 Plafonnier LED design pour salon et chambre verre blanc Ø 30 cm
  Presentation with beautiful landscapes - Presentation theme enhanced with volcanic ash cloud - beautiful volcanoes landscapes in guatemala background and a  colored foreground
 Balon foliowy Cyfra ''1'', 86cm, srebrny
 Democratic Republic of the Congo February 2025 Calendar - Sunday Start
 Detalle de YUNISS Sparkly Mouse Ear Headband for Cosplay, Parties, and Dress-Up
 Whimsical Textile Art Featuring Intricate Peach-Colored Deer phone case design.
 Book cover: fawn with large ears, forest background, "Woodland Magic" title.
--
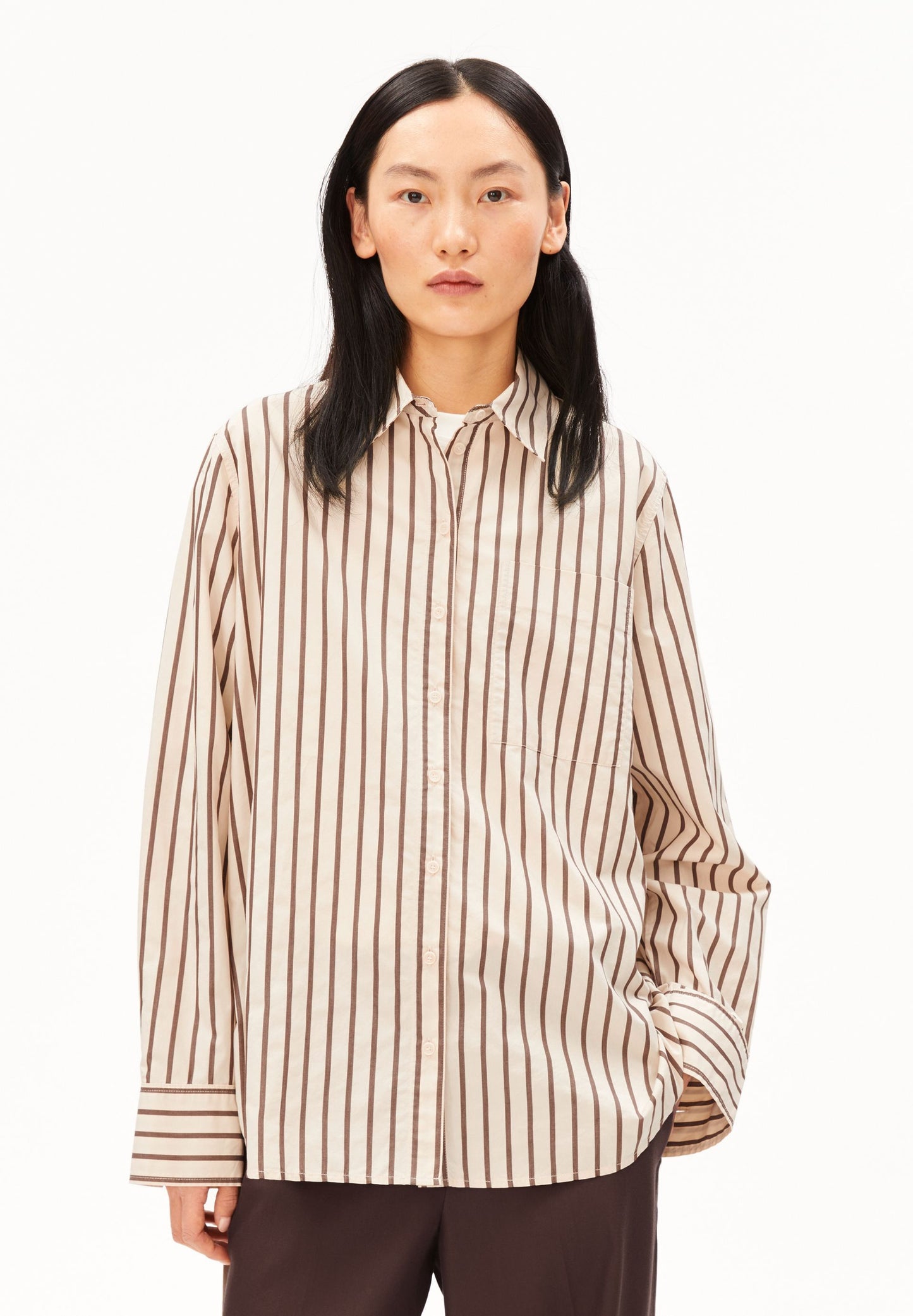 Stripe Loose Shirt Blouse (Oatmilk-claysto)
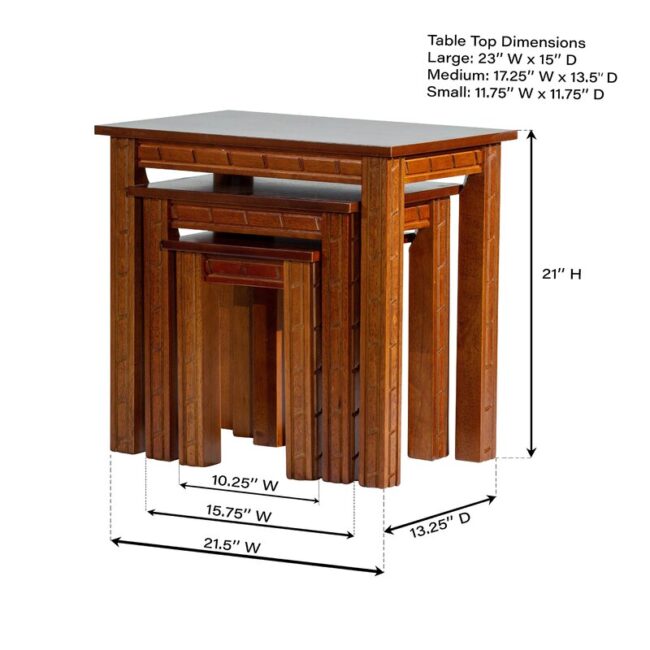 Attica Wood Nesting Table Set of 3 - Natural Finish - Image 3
...
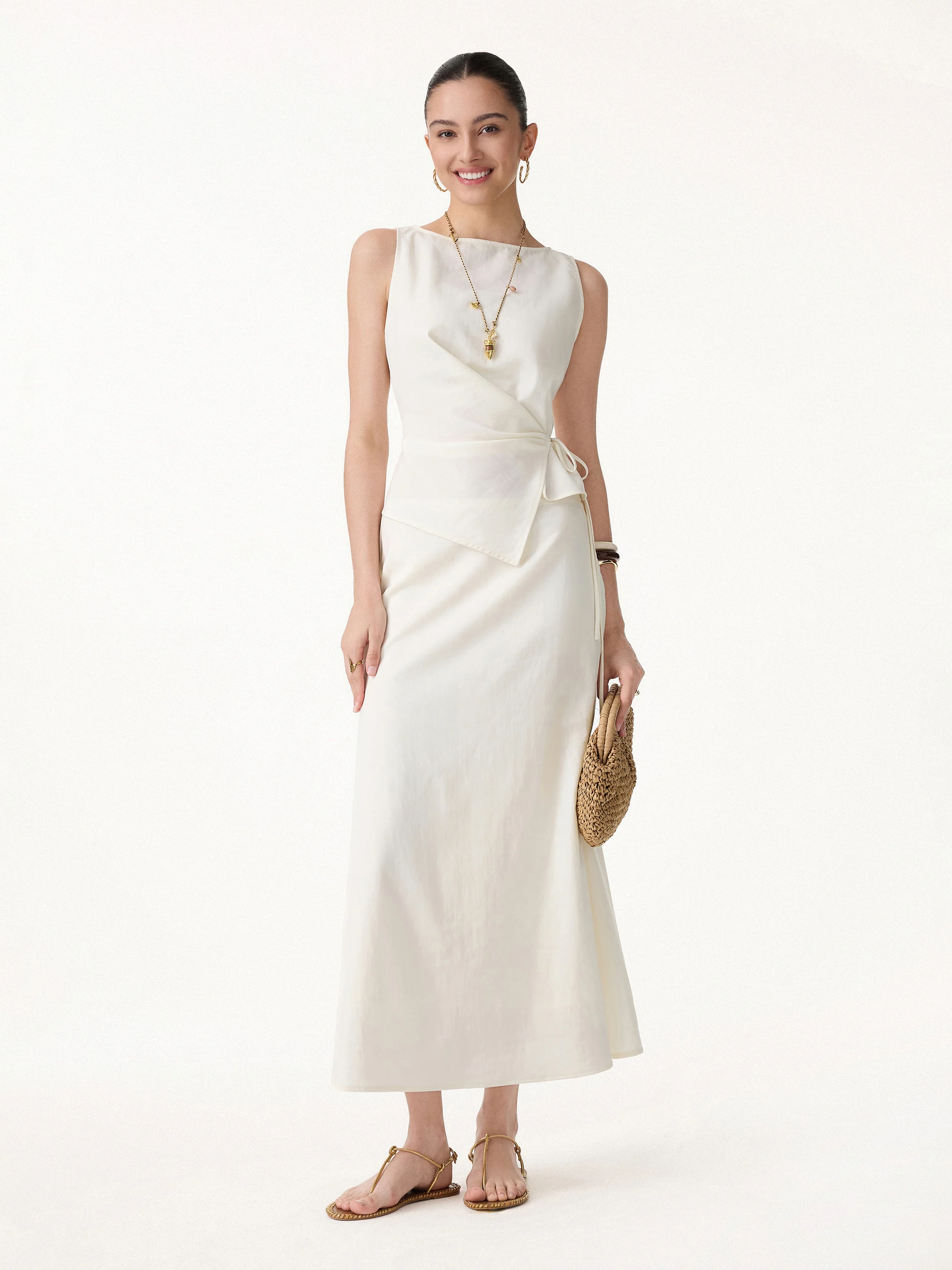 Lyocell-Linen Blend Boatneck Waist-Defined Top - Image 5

- EXERCISE AIM:
From the entries above, write out only the lines starting at the line that holds "Plafonnier LED design" and ending at the line that holds "Book cover: fawn", keeping both and matching them exactly.

- RESPONSE TO THIS EXERCISE:
 Plafonnier LED design pour salon et chambre verre blanc Ø 30 cm
  Presentation with beautiful landscapes - Presentation theme enhanced with volcanic ash cloud - beautiful volcanoes landscapes in guatemala background and a  colored foreground
 Balon foliowy Cyfra ''1'', 86cm, srebrny
 Democratic Republic of the Congo February 2025 Calendar - Sunday Start
 Detalle de YUNISS Sparkly Mouse Ear Headband for Cosplay, Parties, and Dress-Up
 Whimsical Textile Art Featuring Intricate Peach-Colored Deer phone case design.
 Book cover: fawn with large ears, forest background, "Woodland Magic" title.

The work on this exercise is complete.